Liz e Malcolm trascorrono un weekend in una baita isolata nel cuore di una foresta. Quello che dovrebbe essere un momento di intimità si trasforma lentamente in un incubo, tra presenze inquietanti e un oscuro legame con ciò che li circonda.

Recensione :

L’attesa (alta) e la delusione (ancora più alta)

Ero davvero curioso di vedere il nuovo film di Oz Perkins, soprattutto dopo aver apprezzato in tempi recenti Longlegs e The Monkey. Due titoli che avevano acceso l’entusiasmo della critica e alimentato aspettative importanti.

Diciamolo senza troppi giri di parole: Keeper è molto fumo e pochissimo arrosto.

 

Un’ora di vuoto narrativo

Il presupposto è classico: una coppia si rifugia in una baita per un fine settimana che, inevitabilmente, deraglierà verso l’horror. Fin qui, nulla di nuovo. Il problema è che per oltre un’ora di film non si comprende davvero quale sia l’obiettivo narrativo.

La regia è formalmente curata: bella fotografia, inquadrature studiate, ritmo lento ma controllato.
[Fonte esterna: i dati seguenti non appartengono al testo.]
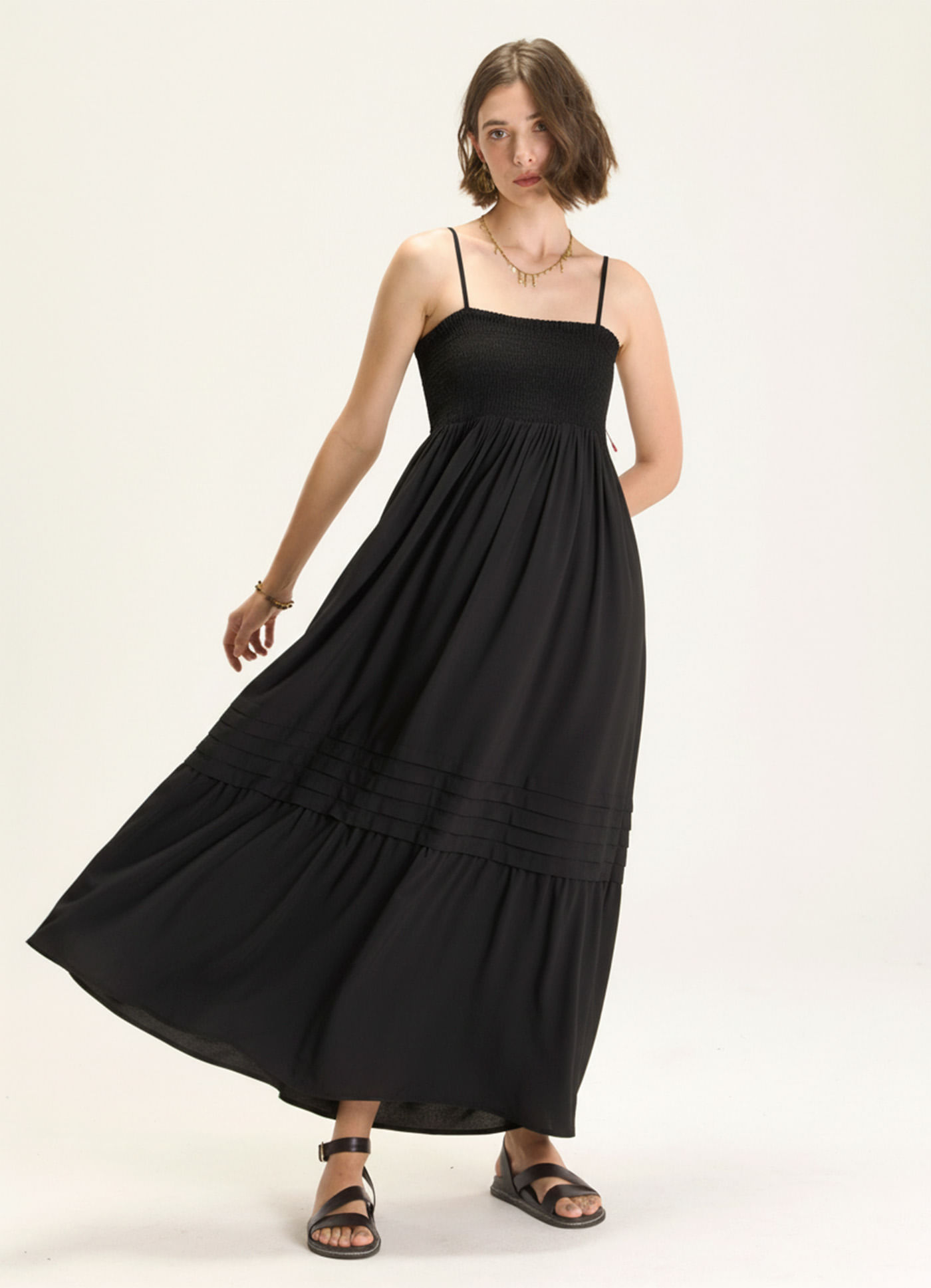 Vestido alcinha viscose sonhos preto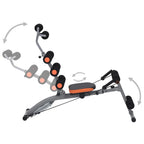 Multigym exercise machine with various attachments on a white background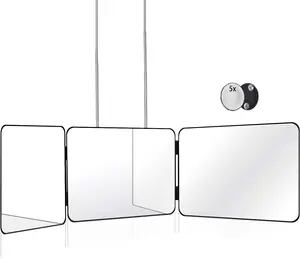 The 360 Mirror - 3 Way Mirror for Self Hair Cutting - Adjustable Trifold Barber Mirror to Cut Your Own Hair - Tri Fold Self Haircut System for Men and Women Braiding - Three Sided Mirror for Haircuts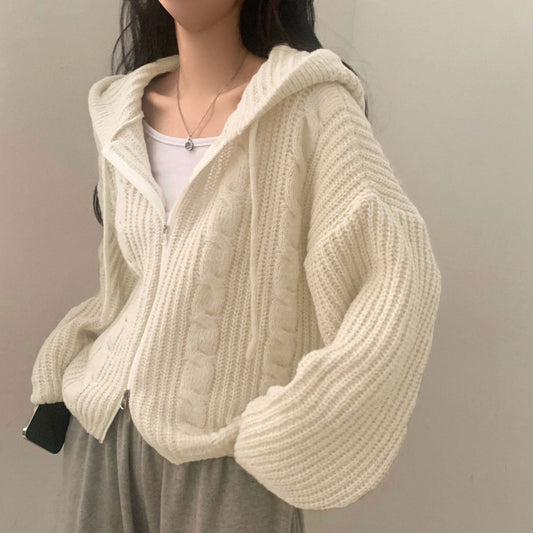 Hooded Long Sleeve Knitted Sweater Cardigan Coat Women - Eshtree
Eppure la sensazione è quella di girare a vuoto. Lo spettatore continua a chiedersi: dove vuole portarci Perkins? Qual è il cuore della storia?
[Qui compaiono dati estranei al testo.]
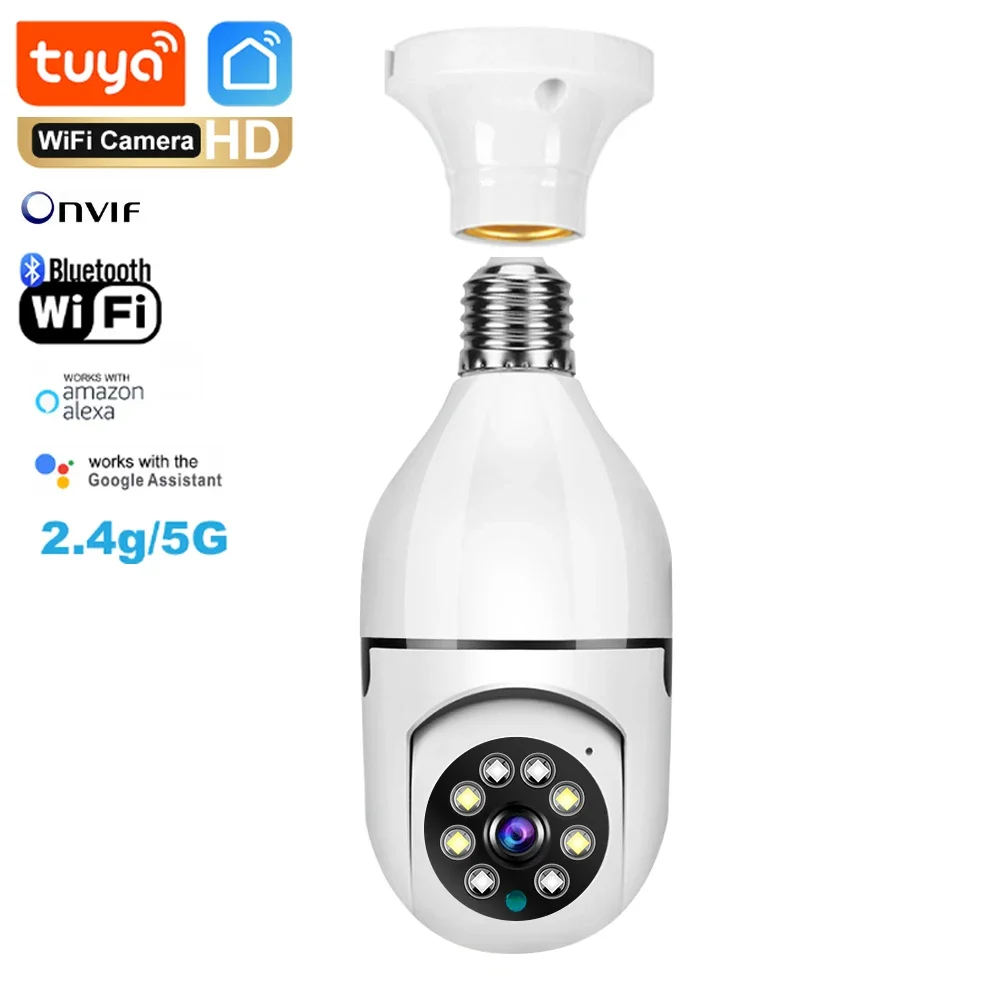 Tuya 2.4G/5G Dual-Band Bulb Camera 3MP/4MP/5MP WiFi Two Way Voice AI Human Detection Night Vision E27 Camera Surveilance Cam 1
Il film si muove lentamente, forse troppo. E la tensione promessa non arriva.

L’incubo nell’open space

Perkins si concentra ossessivamente sulla struttura della baita, trasformandola in un open space inquietante e indefinito. Non si capisce dove inizi e dove finisca la casa, né cosa nasconda realmente.

L’idea visiva è interessante, ma resta un esercizio stilistico. Per oltre un’ora, Keeper sembra più un noir rarefatto o un thriller minimalista che un vero horror. Manca il morso. Manca l’urgenza.

Il risveglio finale (troppo tardi)

Solo nel finale il film sembra ricordarsi di appartenere al genere horror. Emergono allucinazioni, presenze demoniache, fantasmi. Si chiarisce il ruolo di Malcolm e il senso delle figure femminili intraviste all’inizio: vittime sacrificali di un meccanismo oscuro.

In una lettura più contemporanea, Malcolm incarna il maschio predatore che, dietro una facciata rassicurante, sfrutta e consuma la donna. Un sottotesto interessante, che però arriva tardi. Troppo tardi.

Il significato del titolo (L’Eletta in italiano) si comprende solo negli ultimi minuti. Ma nel frattempo il film ha già perso buona parte della sua forza.

Il trionfo di Tatiana Maslany

Se Keeper non crolla del tutto, il merito è di Tatiana Maslany. La sua interpretazione è intensa, fisica, borderline. Riesce a dare corpo e spessore a un personaggio che la sceneggiatura lascia spesso sospeso nel vuoto.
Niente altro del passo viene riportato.